Teori kognisi ini kalau ditelusuri ke belakang, menemukan akarnya pada perdebatan antara David Hume dengan Immanuel Kant. Hume melihat bahwa pengetahuan merupakan pemecahan individu terhadap problem alamiah yang dihadapi individu tersebut ketika berhubungan dengan lingkungan dan orang lain.
Pandangan ini disanggah Kant yang menegaskan bahwa manusia sebenarnya terpaksa di dalam memilih sistem kognitif tertentu. Manusia secara a priori memiliki sistem kategori sebanyak dua belas kategori yang menjadi basis kognitif manusia dalam berhadapan dengan dunia. Jadi, ia tidaklah sebebas seperti yang dikira Hume.
Dalam teori sosial, pandangan Kantian ini diwarisi oleh Durkheim yang melihat bahwa pengetahuan diperoleh dari masyarakat, dari proses sejarah yang diciptakan secara kolektif. Dalam proses sejarah ini terdapat pola-pola tingkah laku manusia yang merupakan bentuk eksternal dari norma-norma, adat-istiadat, dan tradisi. Pola-pola itulah yang kemudian menjadi fakta sosial. Bagi Durkheim, sebab penentu fakta-fakta sosial ini harus dicari di antara fakta-fakta sosial yang mendahuluinya bukan di antara keadaan-keadaan kesadaran individual. Marx juga mewarisi pandangan Kantian tentang kognisi. Namun Marx melihat bahwa ada dua proses yang berkaitan dengan peristiwa konstruksi pengetahuan. Proses yang pertama adalah pengetahuan ideologis, yakni sistem pengetahuan yang melegitimasi social order dengan menempatkan otoritasnya yang melanggengkan dominasi atas yang didominasi. Ringkasnya, pengetahuan ini adalah pengetahuan yang membalikkan proses sehari-hari. Sementara proses yang kedua adalah proses adaptasi kognitif yang merupakan proses kognisi non-ideologis. Pengetahuan ini adalah pengetahuan yang bersifat sehari-hari.

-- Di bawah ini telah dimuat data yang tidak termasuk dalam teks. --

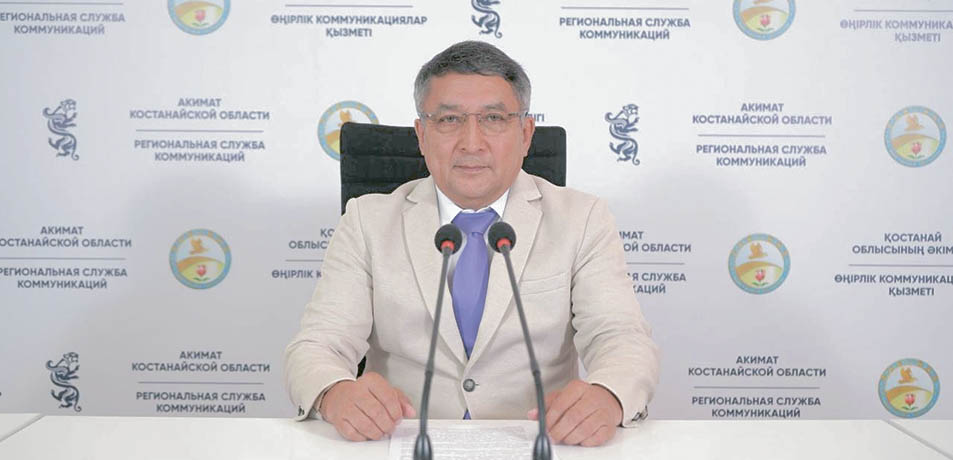 Изображение новости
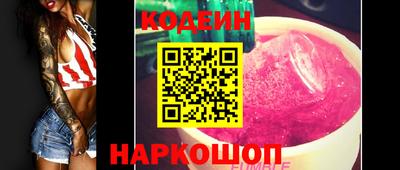 эйфоретик Канаш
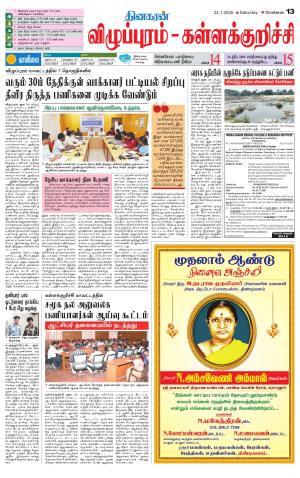 Villupuram Supplement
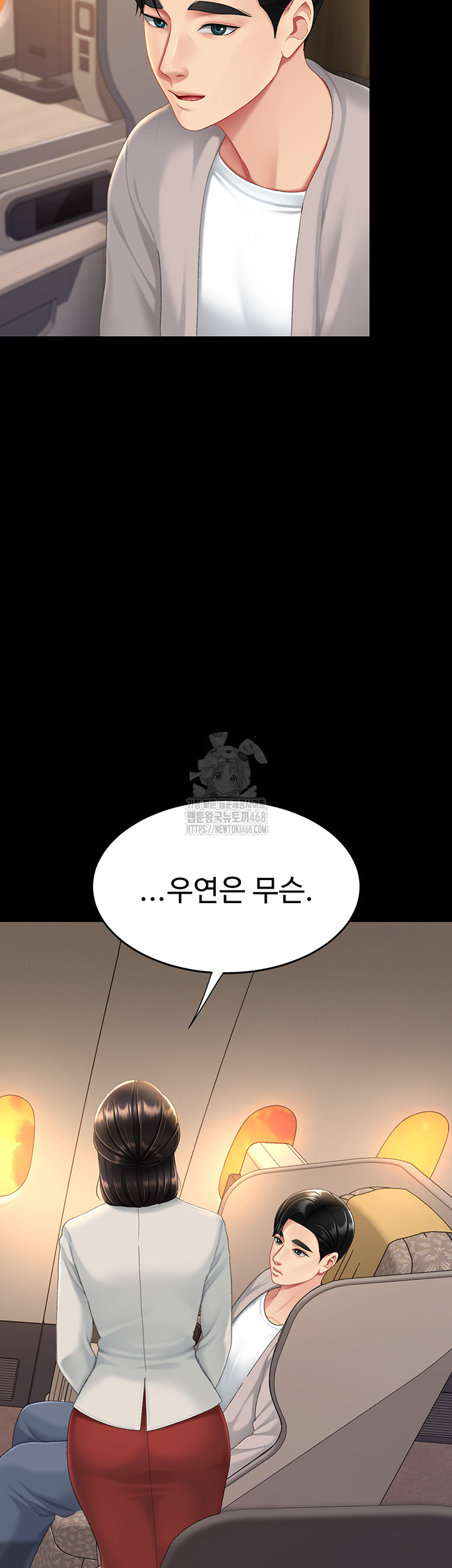 Mom Eat First Raw - Chapter 111 [photo 56] - MangaPorn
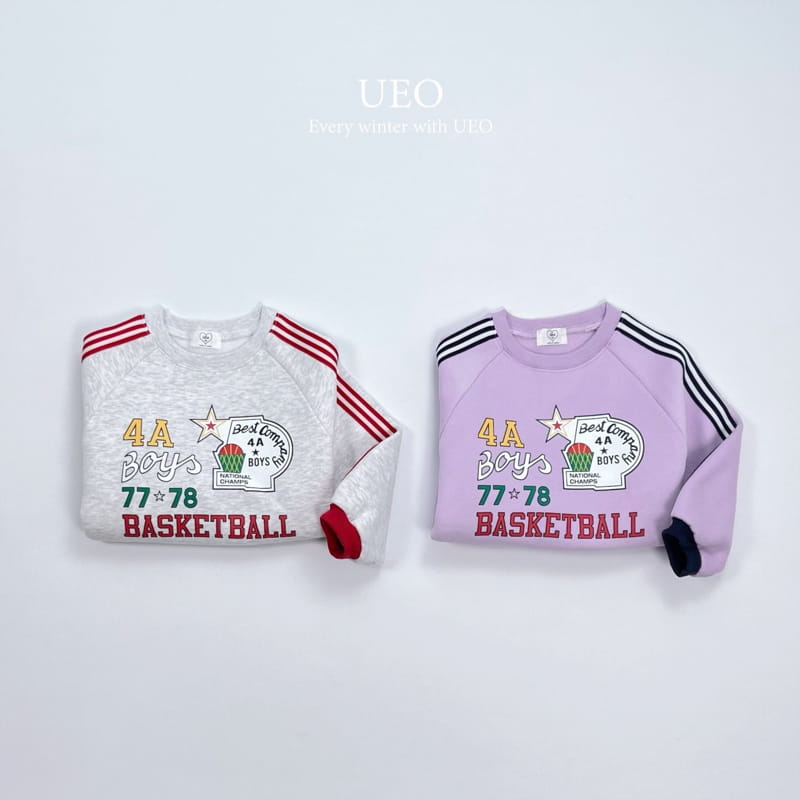 U Eo - Korean Children Fashion - #toddlerclothing - Color Tape Sweatshirt - 2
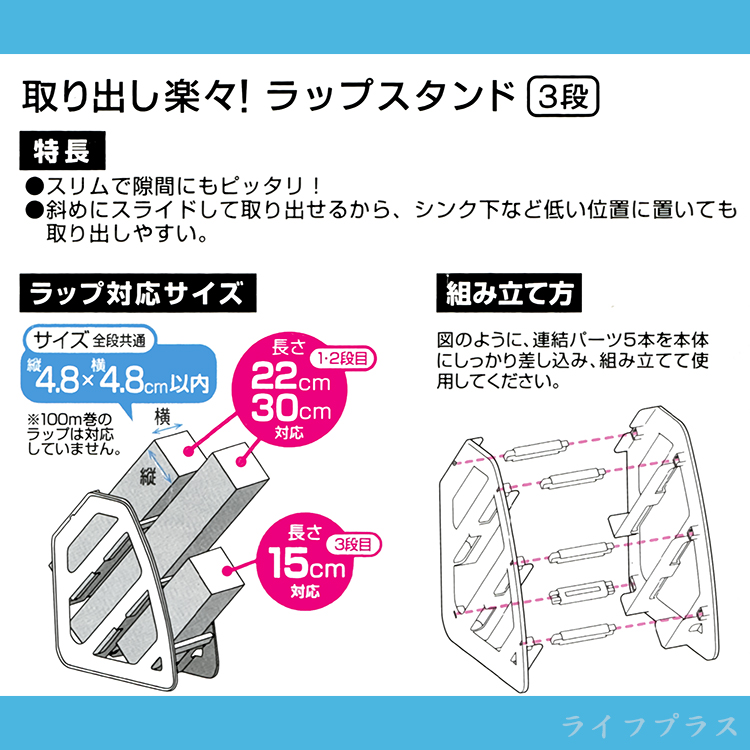 SURUGA, , large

Seturut dengan Durkheim, para antropolog semacam Evans-Pritchard, Needham, maupun Sahlin juga menggemakan pandangan yang relatif mirip berkaitan dengan sistem kognitif. Pandangan mereka ini terserap dalam teori antropologi cukup kuat. Sistem kognitif dilihat sebagai prinsip-prinsip metafisik yang meringkaskan dan mensintesiskan yang tersurat terutama dalam ritual. Praktek-praktek ritual ini selain dilihat sebagai prinsip abstrak yang mengatur sistem, ia juga dianggap bersifat non-individual dan bersifat koheren secara internal. Di titik ini, kesimpulan teori antropologi tentang kognisi agaknya bisa ditarik, yakni tekanan pada historisitas dan kekhususan budaya.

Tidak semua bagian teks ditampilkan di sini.